On a podcast with Yahoo’s Chris Haynes, Lillard said the trickle-down effect of what a trade request would mean for his colleagues is a big reason he isn’t interested in forcing his way out of Portland.
“I think a lot of people will tell you just because they go and they win a championship it was like, ‘oh we won a championship,’” Lillard said. “And then they look back and they are like, man, this happened because of that.
For Lillard to move to a better team, other players and their families would, subsequently, have to move against their will, too.
“When my career is over and I am going to know the relationships that I’m gonna have ... I am going to know the people who knew I was solid with them regardless if I was at the top or if I controlled all of this stuff, that I did it the right way. And I took people’s situations and their families and what could be into consideration before I just made a decision based off ‘alright, this is what’d be best for me. This is what people want to see me do.’”
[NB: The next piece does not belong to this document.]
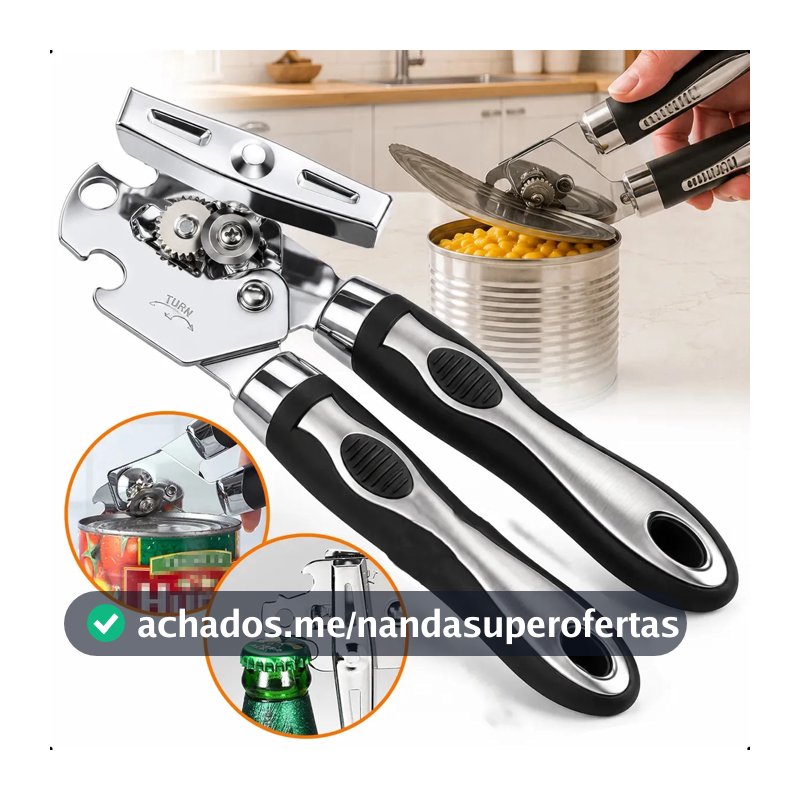 Abridor De Lata Cerveja E Garrafa Multifuncional Automático Emborrachado Em Aço Inox Pratico E Eficiente Cor Prateado Marca: Smart Tools®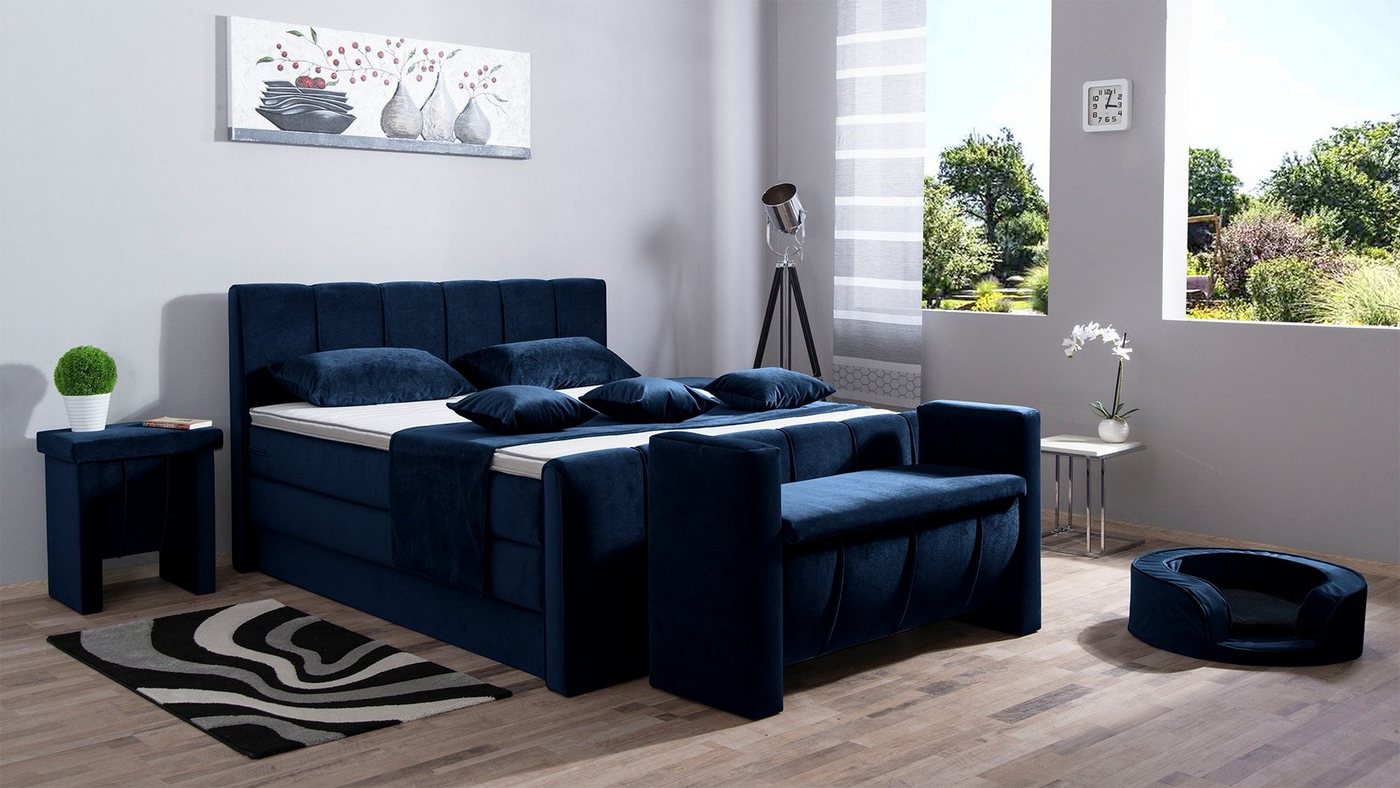 Meisterbetten Boxspringbett Roki (mit Bettkasten, Fußteil, 7-Zonen Taschenfederkernmatratzen, Ergoflex), Inklusive kostenloser Lieferung und Aufbau von Meisterbetten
Lillard’s interview with Haynes can be seen here:
Lillard’s always been sensitive to this issue.
In a feature by SB Nation’s Paul Flannery, Lillard revealed he was upset after his team’s Twitter account tweeted a joke welcoming cash considerations to Portland after the Blazers sent Tim Quarterman to the Rockets in a minor deal.
Per Flannery, Lillard sent a text to Chris McGowan, the team’s president and CEO. When he questioned why Lillard was so upset, he responded that Quarterman’s life had just been uprooted.
Lillard’s empathy is rare
Any star in the league has power to be traded. It may not be to the team they want to go to or at the time they desire, but eventually, they can make moves happen.
When that star is traded, one or more of his teammates might go with him, and so might that teammates’ spouse and children. That star’s decision to force a trade will also uproot the lives of one or more players from the opposing team, leaving families scrambling to restart their lives in a brand new city. That means a new house, new friends, new way of life, and it all comes quickly.
This is the nature of the business, and everyone involved is making a hefty salary they’ve deemed is worth the risks on the table. But Lillard’s admission that he’d have to live knowing his decision caused the ensuing chaos reveals the double-edged sword of player power. Ring-chasing isn’t worth that weight right now to him.
“I do want to win a championship,” Lillard said. “But there’s other stuff that means more to me. It’s almost like I’m not willing to sell myself out for that instead of impacting this.”
The way Lillard prioritizes values off the floor is what makes him such a unique star, and it’s why he’s so beloved in Portland.